2. Suas palavras refletem um estado singular de fé: aquele em que se crê na existência e no juízo de Deus, ainda que não esteja clara para ele uma outra vida para além do morrer. O máximo que ele pode esperar como recompensa pelo bem feito é uma vida longa e uma numerosa prole.

3. O termo ‘vaidade’ traduz uma palavra hebraica que significa vapor que se dispersa no ar. Vai na mesma linha de textos como o de Isaías: o homem é como a erva e como a flor do campo: seca a erva e a flor murcha (40,6-7). Isso gera um desconforto que só na fé em Deus e num grande amor à vida impedem de transformar-se em desespero e revolta.

4. Mas a luz que buscamos vem do Evangelho. Temos uma situação de alguém que pede a intervenção de Jesus numa questão de herança. Um litígio sempre atual que envenena famílias, transforma irmãos em inimigos, situações que findam diante de um tribunal.

5. Jesus rejeita posicionar-se em tal situação. Ele veio proclamar o reino de Deus que é justiça diante de Deus, não só diante dos homens; rejeita ser árbitro em mesquinhas questões de interesses pessoais.
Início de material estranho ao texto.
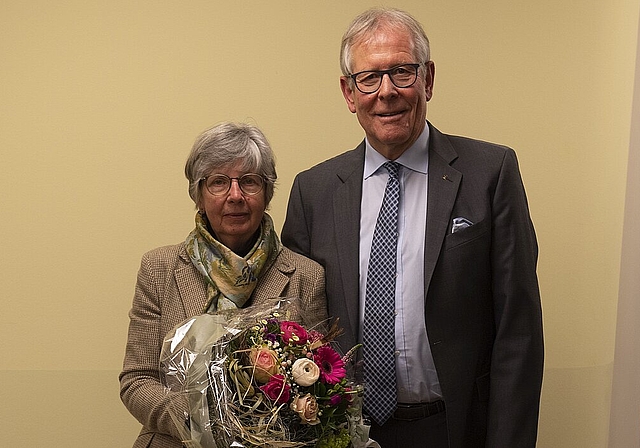 Susanna Jenzer wurde von Präsident Ernst Zingg zum ersten Ehrenmitglied von Alzheimer Solothurn ernannt. (Bild: ZVG)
6. Com a recomendação a ter cuidado com a ganância, Jesus quer levá-los a perceber que ao colocarem os bens terrenos em primeiro lugar, muita coisa importante fica em segundo plano. E para fazer-se melhor entender, conta-lhes uma parábola.
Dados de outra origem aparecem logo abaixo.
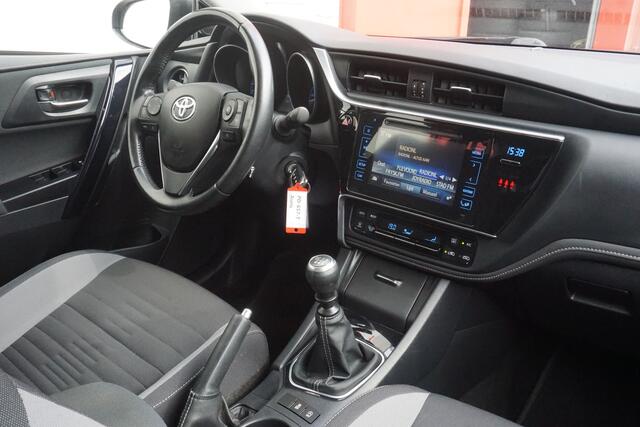 Toyota AURIS 1.2T Aspiration | Origineel NL | Camera | Cruise Control | Trekhaak | Airco |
7. Aqui o Evangelho entra em sintonia com o autor da 1ª leitura, ao condenar o acúmulo como algo insensato. São como formigas que juntam e juntam para um inverno que nem sabe se alcançarão.

8. Ninguém está dizendo que o ser humano não deve trabalhar ou tornar melhor sua forma de produzir. O que se condena é o viver para acumular, reduzir-se a uma máquina de fazer dinheiro. Se deve fazer dinheiro para viver, não viver para fazer dinheiro.
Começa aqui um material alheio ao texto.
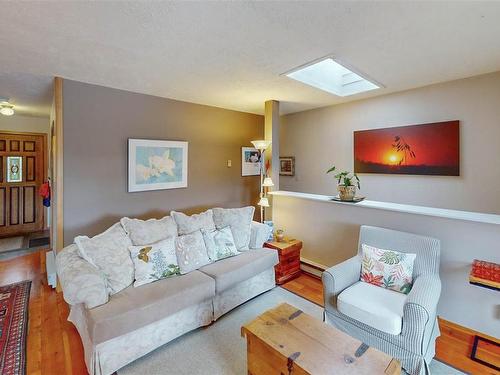 36137 Galleon Way, Pender Island, BC - Indoor Photo Showing Living Room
9. Quantas vidas marcadas pela busca de posse e poder em seus fins trágicos não nos levaram a exclamar como o Evangelho: “Louco!”. A essa sabedoria e bom senso já presentes no Antigo Testamento, ao final do evangelho Jesus acrescenta algo absolutamente novo: existe uma vida para além da morte, uma vida eterna junto a Deus.

10. Esse ser rico diante de Deus, deixa claro que o erro não é acumular, mas acumular para si, quando se poderia ser rico diante de Deus a partir da prática do bem ao próximo. São as riquezas que portamos conosco, quando partirmos dessa vida. O valor não está no que temos, mas no que fizemos.

11. As leituras nos lembram que perdida a fé em Deus e na vida eterna, o ser humano se encontra na situação do autor da 1ª leitura: a vida parece um contrassenso, ou em termos modernos: “Tudo é um absurdo”. Findamos naquilo que certos filósofos e escritores dizem ser ainda pior: a ‘náusea’ diante das coisas. No dizer de Sartre, as coisas são ‘demais’, são opressoras.

12. Nosso Evangelho sugere tomar cuidado com essa via perigosa. É sempre possível encontrar a beleza e a santidade de nossa existência se deixarmos de tão somente querer possuir, ou de só consumir, redescobrindo que a nossa vida aqui prepara e facilita o nosso destino eterno.

13. Concluo com a oração da missa do domingo anterior: “Ó Deus, amparo dos que em vós esperam, sem vos nada tem valor, nada é santo. Multiplicai em nós a vossa misericórdia para que, conduzidos por vós, usemos agora de tal modo os bens temporais, que possamos aderir desde já aos bens eternos”.

* Com base em texto de Raniero Cantalamessa.